= DATA IN THIS EXERCISE =
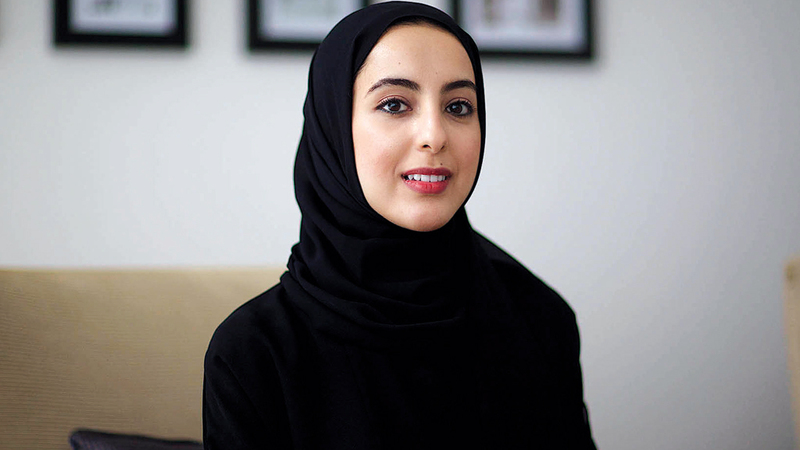 شما المزروعي: شباب الإمارات أصبح مثالاً عالمياً في تحمل المسؤوليات الوطنية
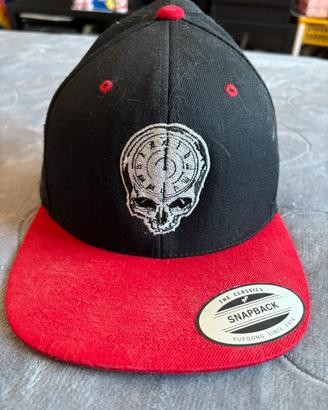 Cappello autografato da Salmo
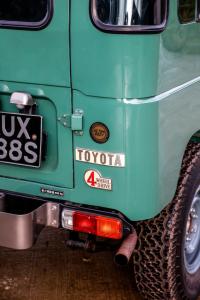 1978 Toyota Land Cruiser FJ40 *WITHDRAWN*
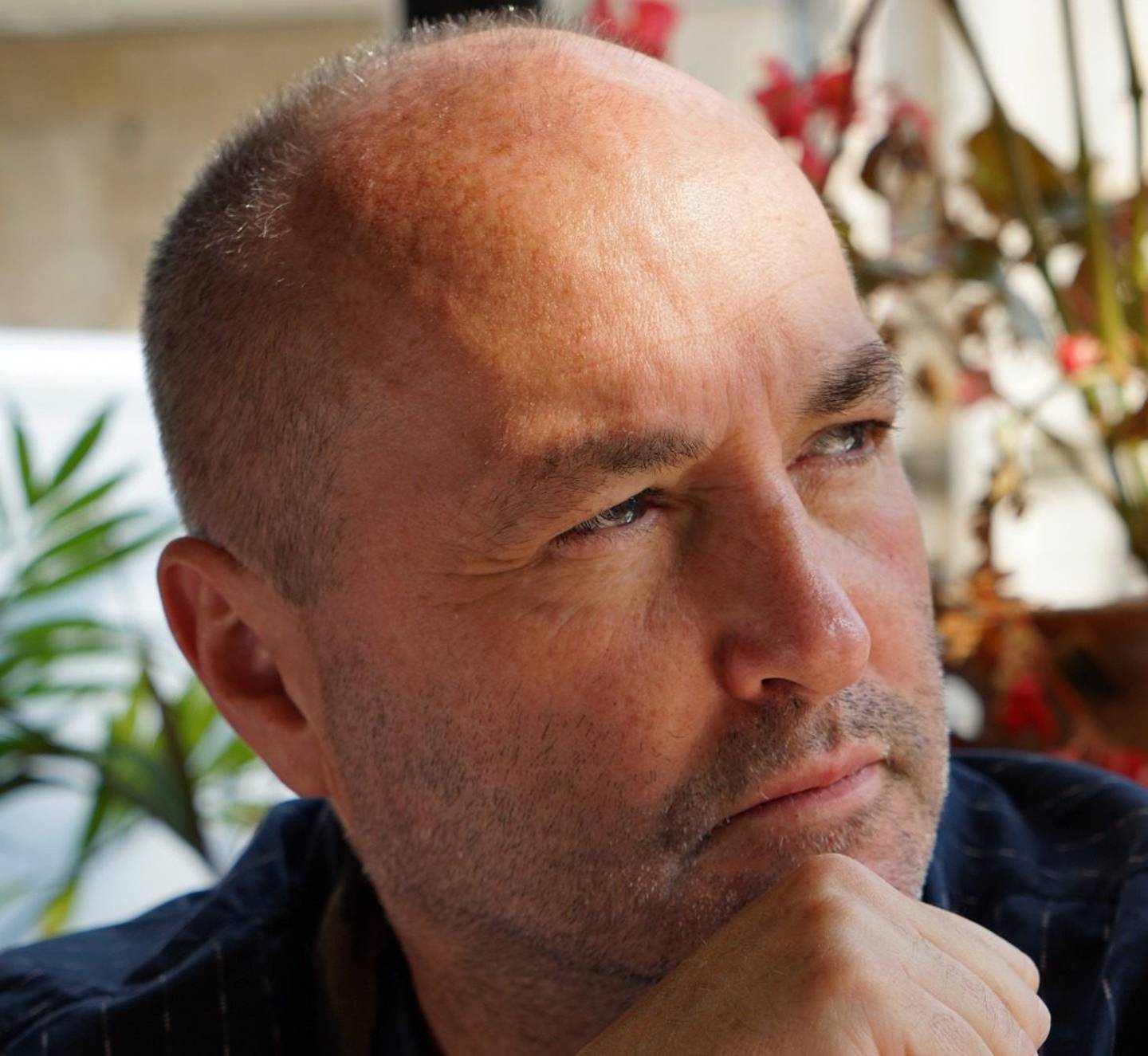 Evening with author Colum McCann
will be held at Fenagh Arts Centre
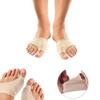 2 Pcs Gros Orteil Hallux Valgus Correcteur Orthèses Pieds Soins Oreille Pouce Correction Pédicure Chaussettes Oignon Redresseur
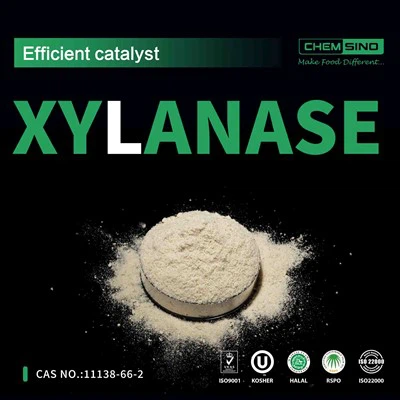 Разкриваме CAS 9025-57-4: Силата на ензима ксиланаза!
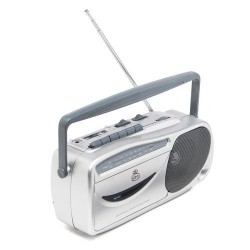GPO W09401 Radio cassette recorder
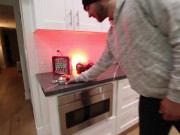 Making Christmas Cookies SFW 10/16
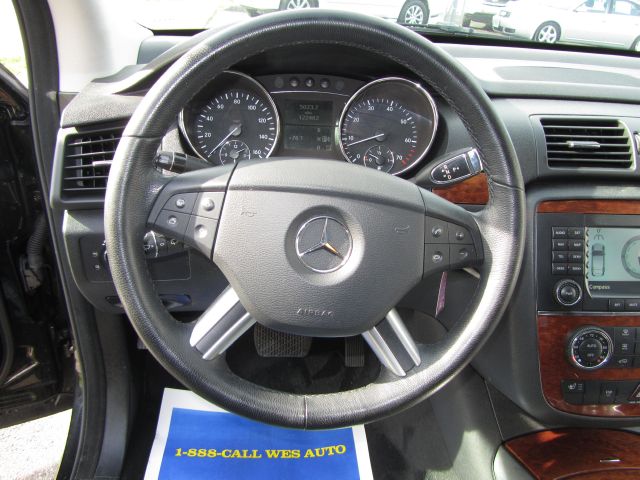 Mercedes-Benz R-Class 2006 photo 6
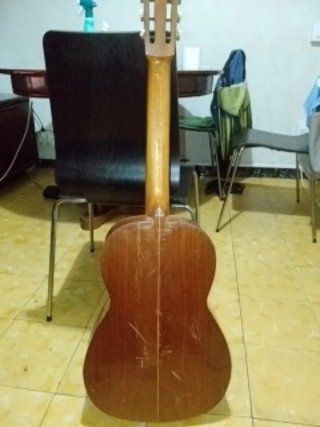 Guitarra Española Roca Valenciana  1959 SOLO HOY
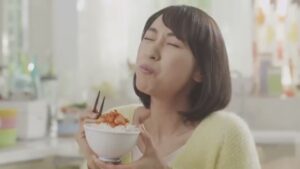 美山 CMのシーン7（00:09）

= HOW TO COMPLETE THIS TASK =
For this exercise, reproduce the data above exactly from the line containing "Разкриваме CAS 9025-57-4: Силата" through its final line, both ends included, with no pictures in the copy.

= RESULT =
 Разкриваме CAS 9025-57-4: Силата на ензима ксиланаза!
GPO W09401 Radio cassette recorder
 Making Christmas Cookies SFW 10/16
 Mercedes-Benz R-Class 2006 photo 6
 Guitarra Española Roca Valenciana  1959 SOLO HOY
 美山 CMのシーン7（00:09）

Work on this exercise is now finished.